O painel consolida, sistematiza e apresenta dados oficiais de homicídios, agravos de notificação da saúde (violência doméstica), ocorrências policiais e processos judiciais relacionados à violência contra mulheres no Brasil e por cada estado nos últimos anos.

A tecnologia empregada permite a interação do usuário com os dados de forma dinâmica. Sendo possível explorá-los a partir de uma série de variáveis, com maior ou menor detalhe a depender da base de dados das quais são provenientes.

Em relação aos dados sobre os homicídios de mulheres, por exemplo, é possível filtrar as informações de registros de assassinatos por idade, estado civil, escolaridade e raça da vítima, bem como por local de óbito e causa básica da morte.

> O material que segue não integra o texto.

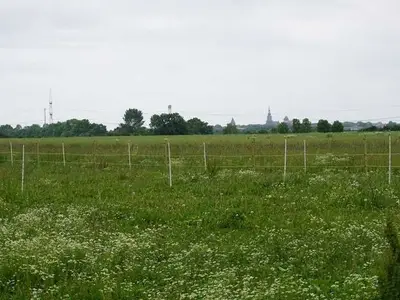 Ferienwohnung für 2 Personen (26 m²) in Hinrichshagen 5/10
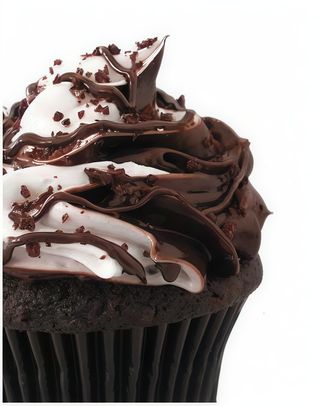 Muffin ripieno - Snack Away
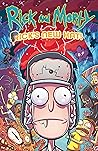 Rick and Morty: Rick's New Hat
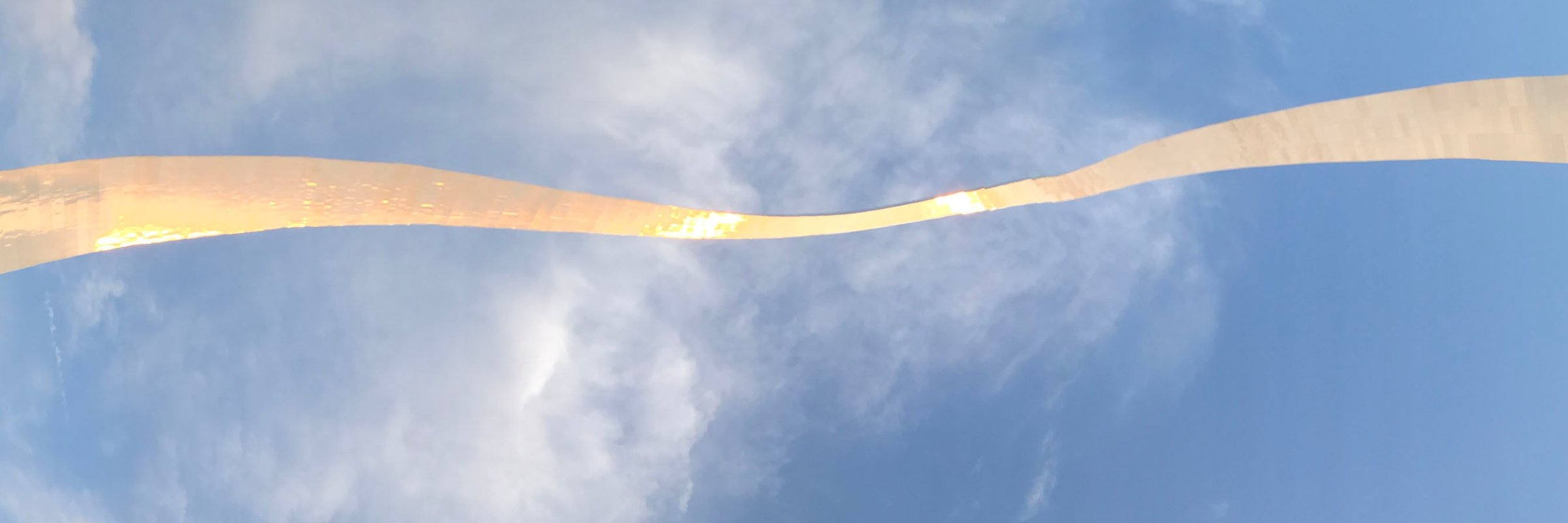 Lynden Steele banner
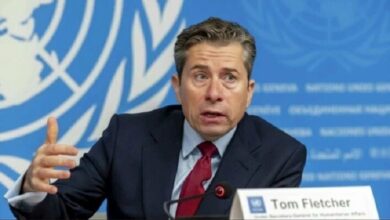 معاون گوترش: تلاشهایمان برای نجات غزه به بن بست رسیده است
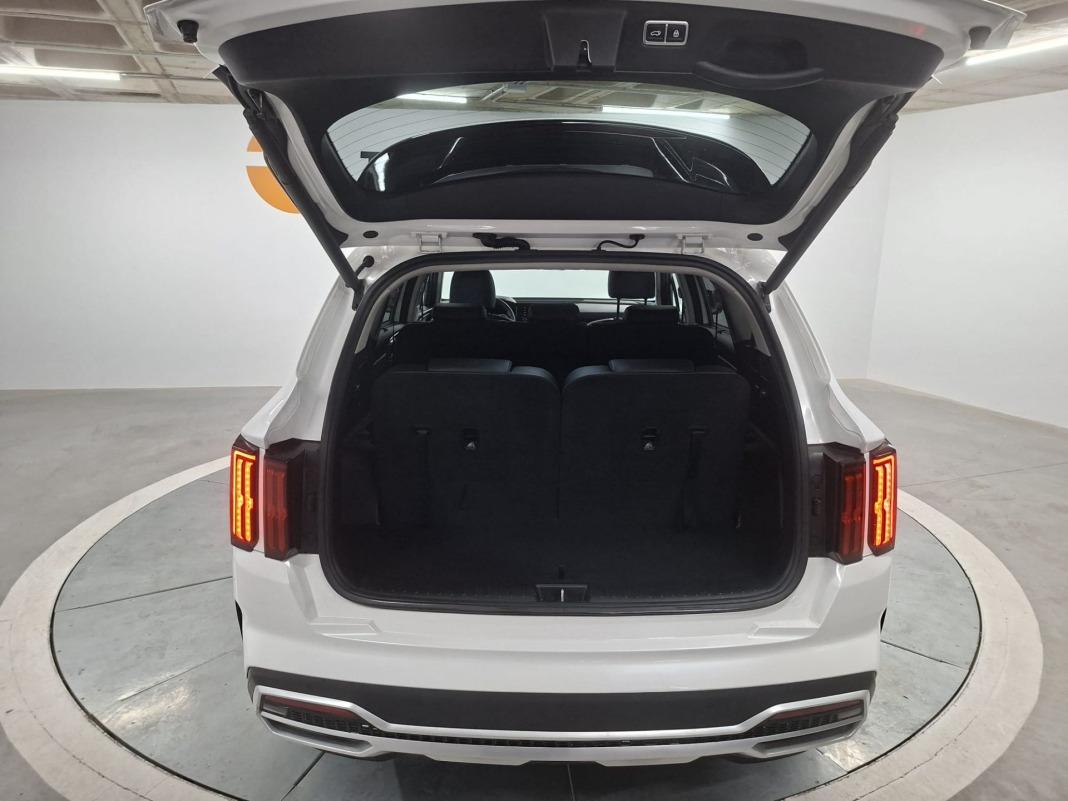 Kia Sorento 1.6 T-GDi PHEV Plus Edition 4x4 7pl
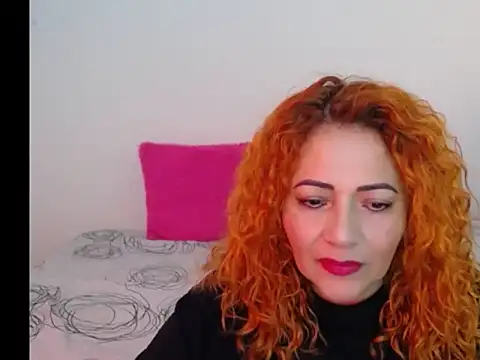 Snapshot of mariajosebarrazaa chatting on 21, 12, 2025 mariajosebarrazaa online show from 21, 12, 2025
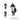 Sentinel Lantern Outdoor Wall Lamp - LUUGAA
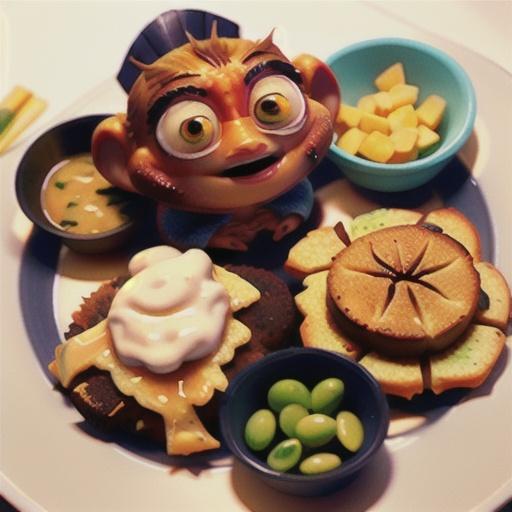 Easy Fried Crab Cakes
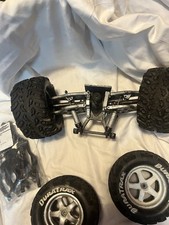 Traxxas maxx maxx for sale  Heyworth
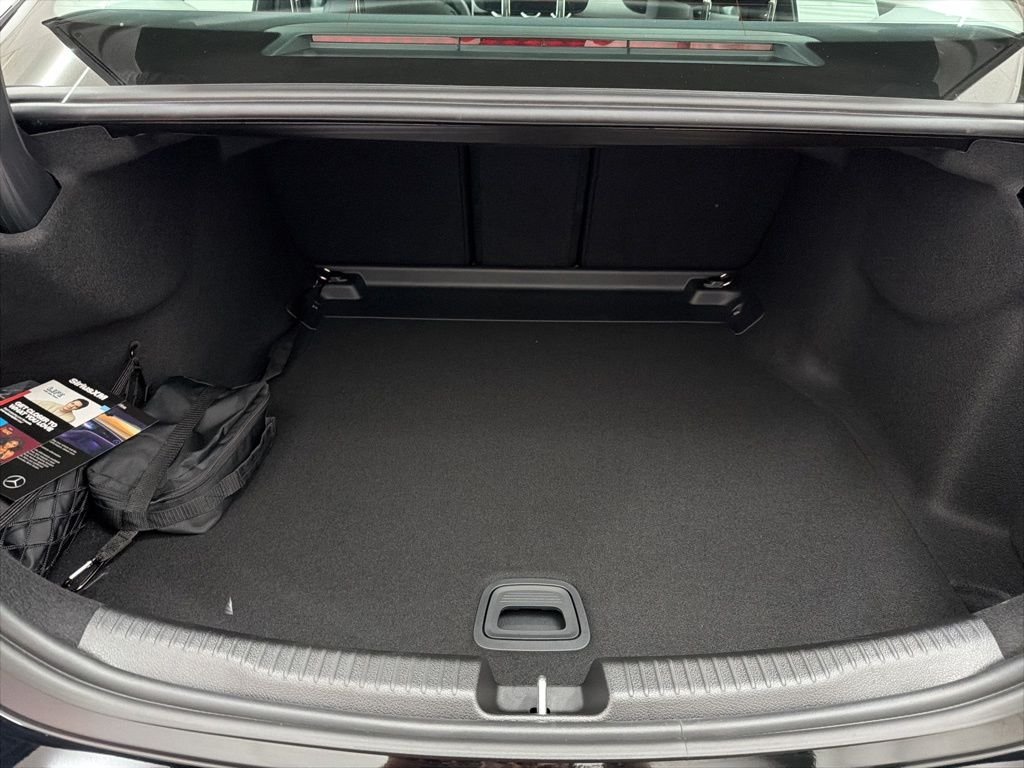 New 2026 Black Mercedes-Benz C 300 image 24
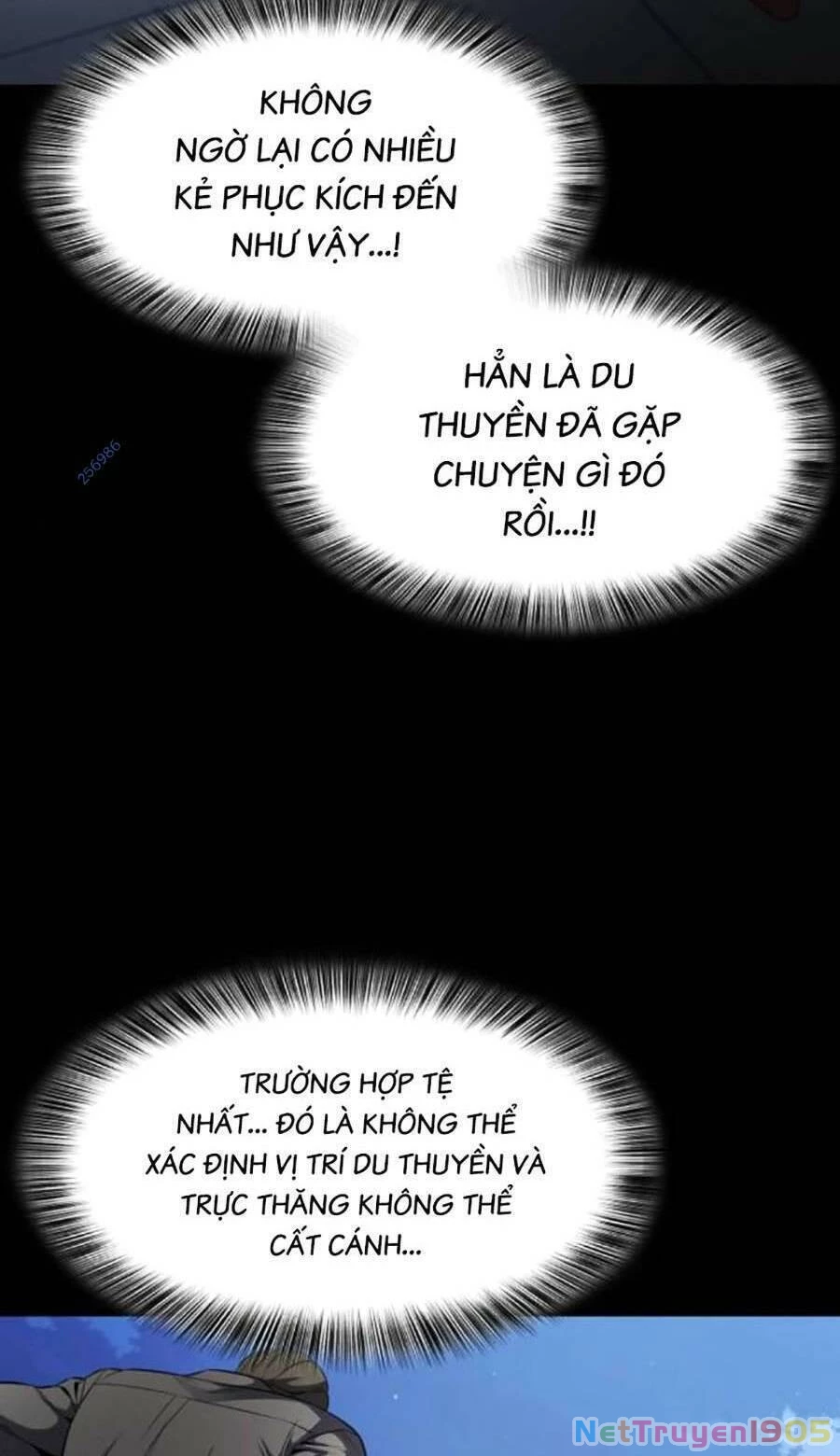 Cậu Bé Của Thần Chết Chapter 179 - 34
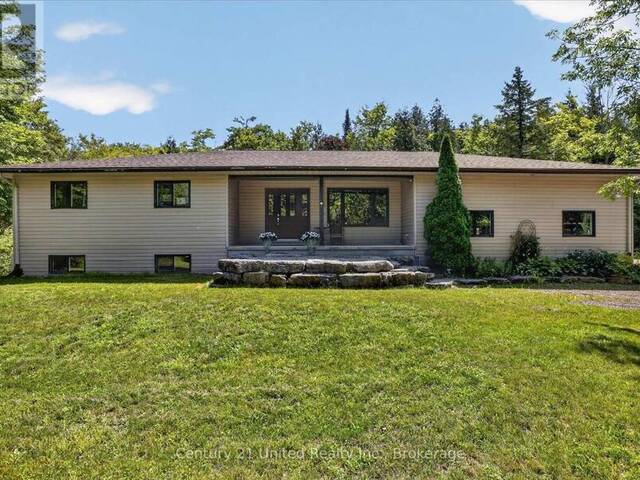 923 ROCK ROAD Douro-Dummer Ontario, K0L 3A0 - 5 Bedrooms Home For Sale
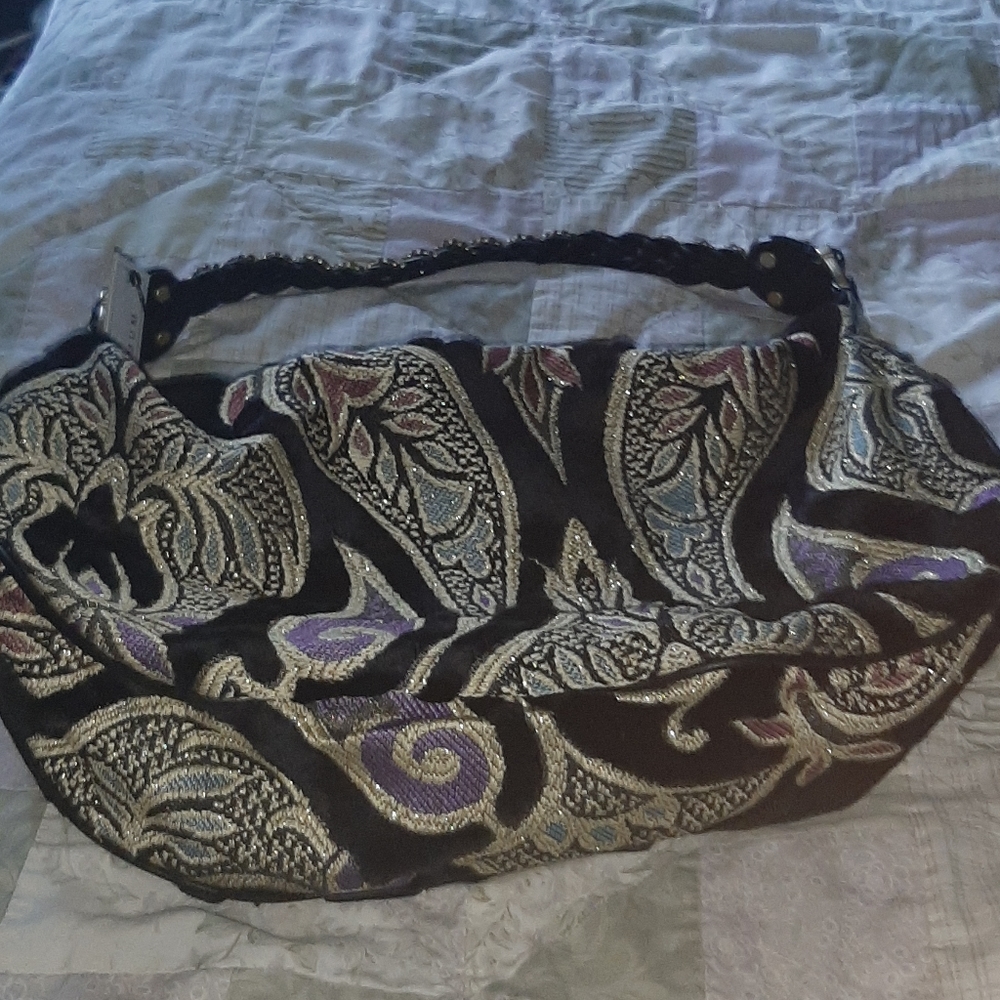 Shoulder bag
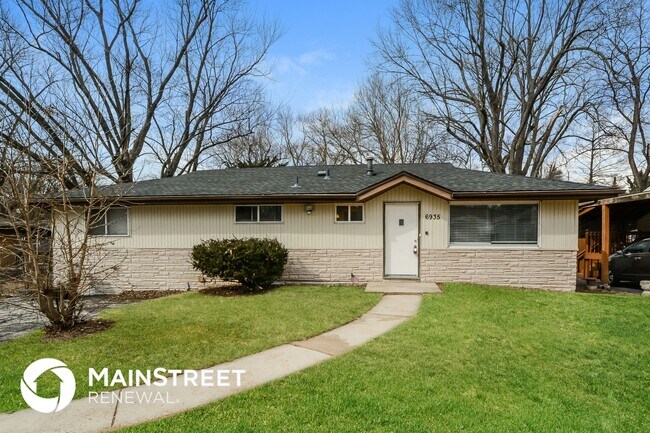 Photo - 6935 Frostview Ln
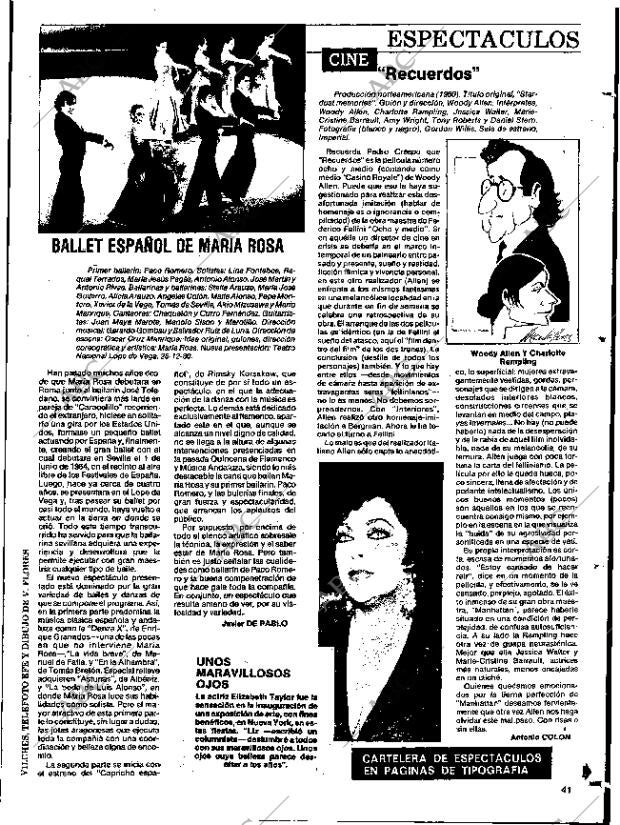 ABC SEVILLA 30-12-1980 página 105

O cruzamento dessas informações pode subsidiar a avaliação e o aprimoramento de políticas de enfrentamento à violência letal contra mulheres, em diferentes faixas etárias ou níveis de escolaridade, como explica Henrique Marques Ribeiro, coordenador do Observatório.

— Além da comparação das taxas de registros de dados oficiais relacionados à violência contra a mulher entre diferentes estados, permite navegar nos detalhes disponíveis em cada base. Mas, mais importante, permite uma visualização gráfica também dos problemas ainda existentes em algumas dessas bases.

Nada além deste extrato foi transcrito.